— Instructions for the task —
Every line of the data should be written out exactly, with the pictures left out.

— Given information —
════════════════

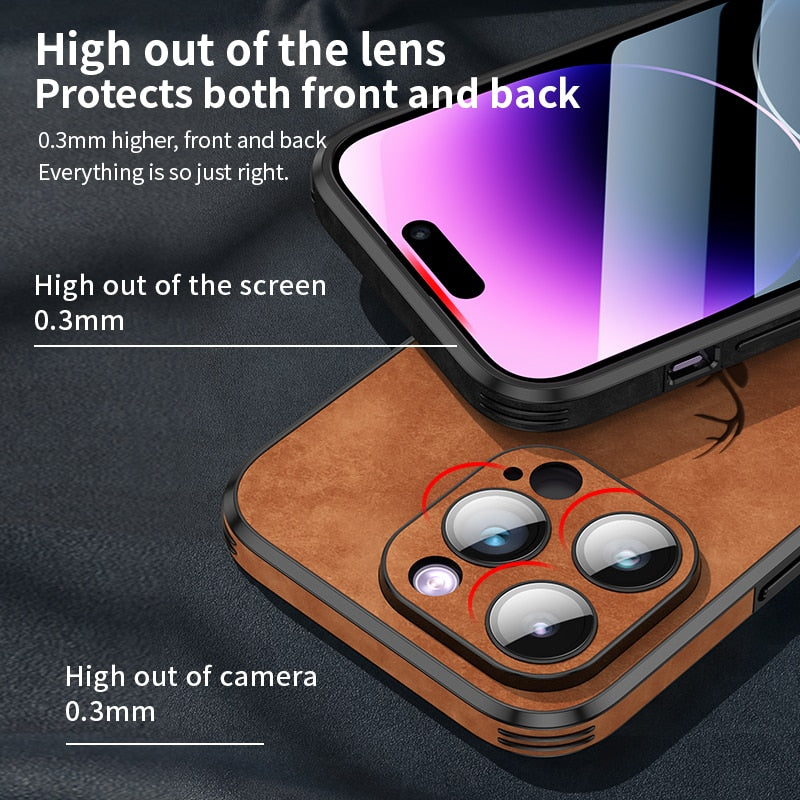 Luxury Sheepskin Leather Phone Case for iPhone
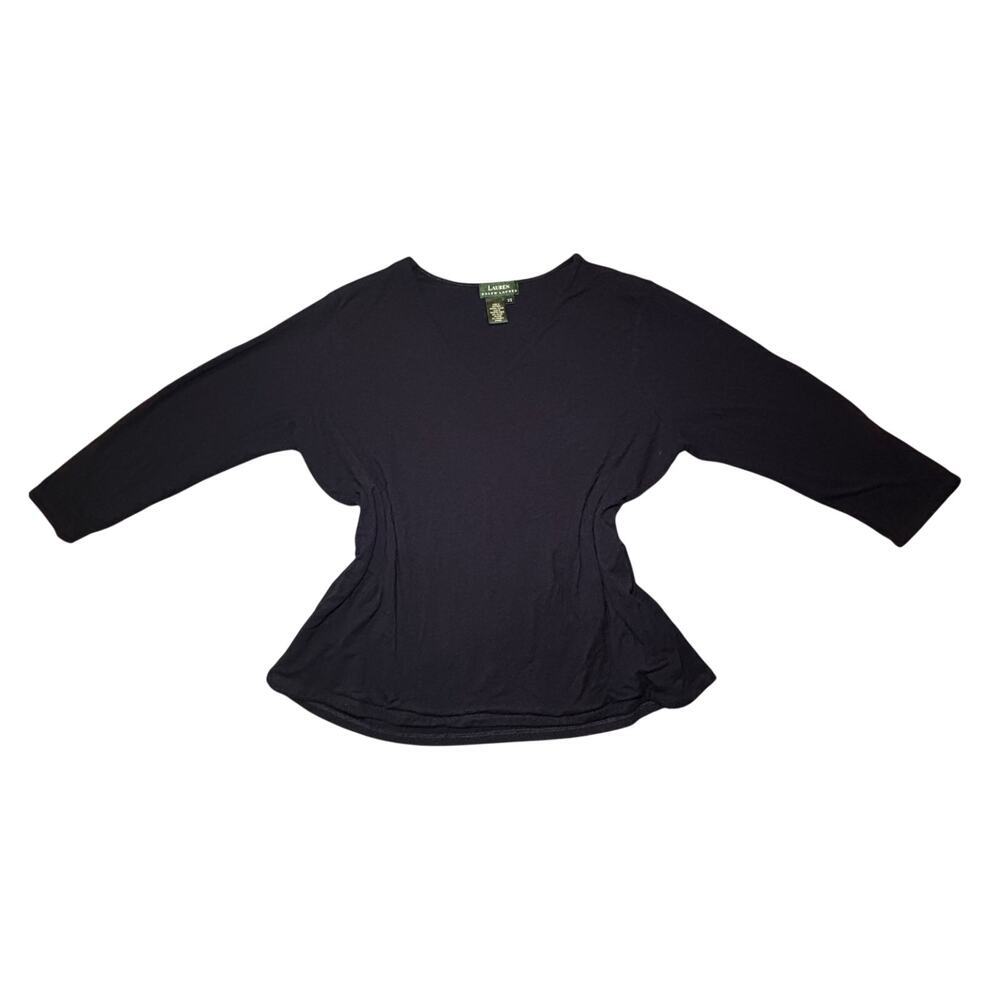 LAUREN RALPH LAUREN Plus Size V-Neck Long Sleeve Top Blue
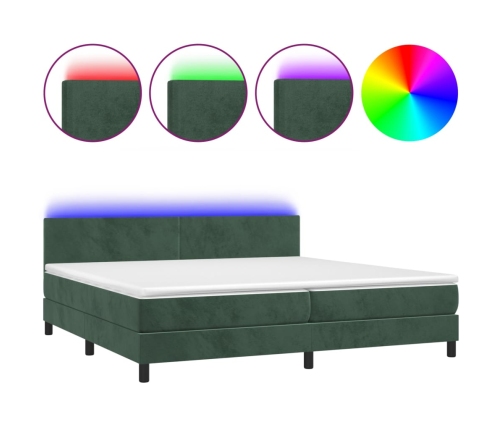 Cama box spring colchón y LED terciopelo verde oscuro 200x200cm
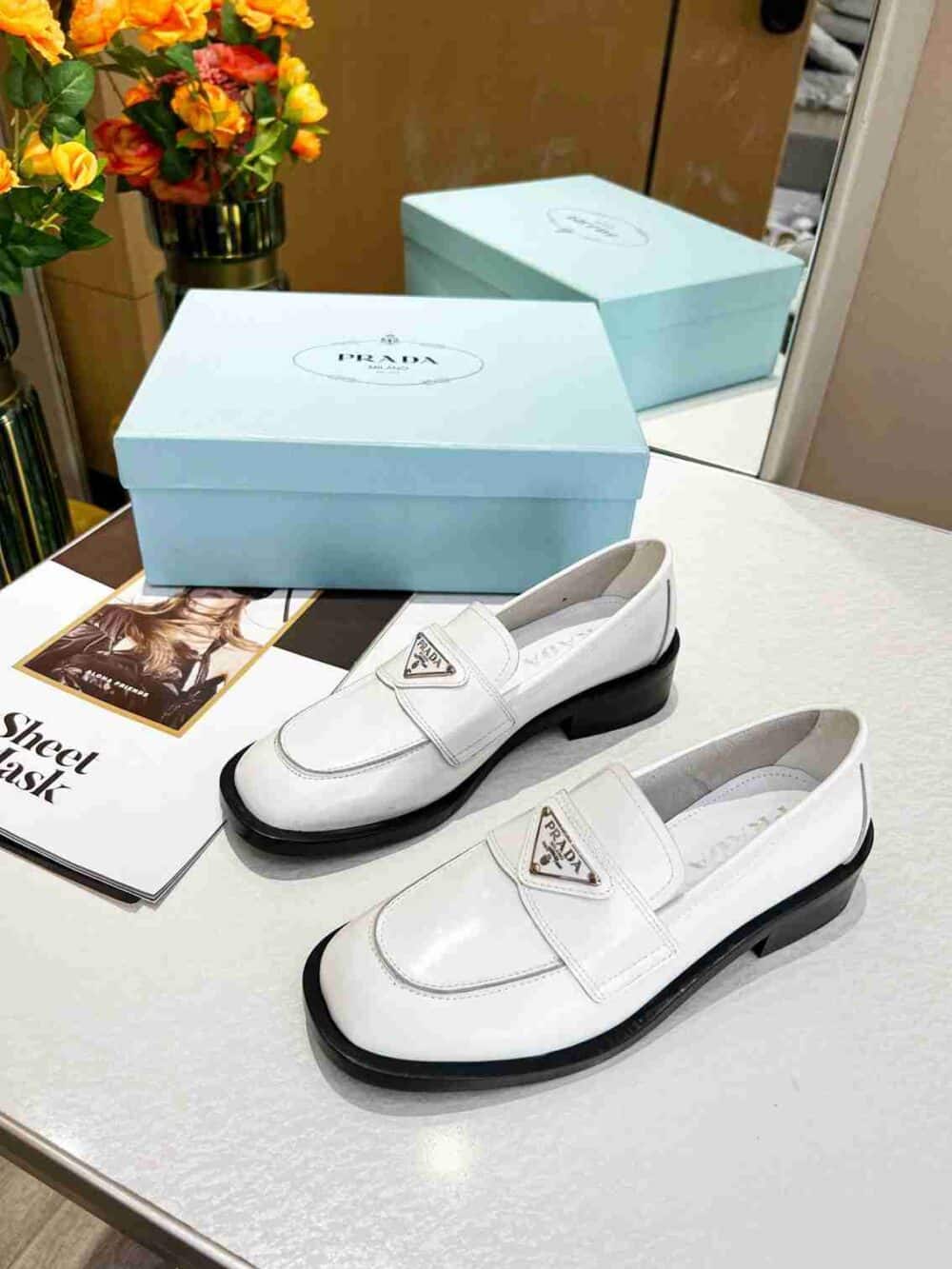 PRADA PATENT LEATHER LOAFERS WHITE 1D902M069F0009F025 - Image 8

════════════════

— Task response —
 Luxury Sheepskin Leather Phone Case for iPhone
 LAUREN RALPH LAUREN Plus Size V-Neck Long Sleeve Top Blue
 Cama box spring colchón y LED terciopelo verde oscuro 200x200cm
 PRADA PATENT LEATHER LOAFERS WHITE 1D902M069F0009F025 - Image 8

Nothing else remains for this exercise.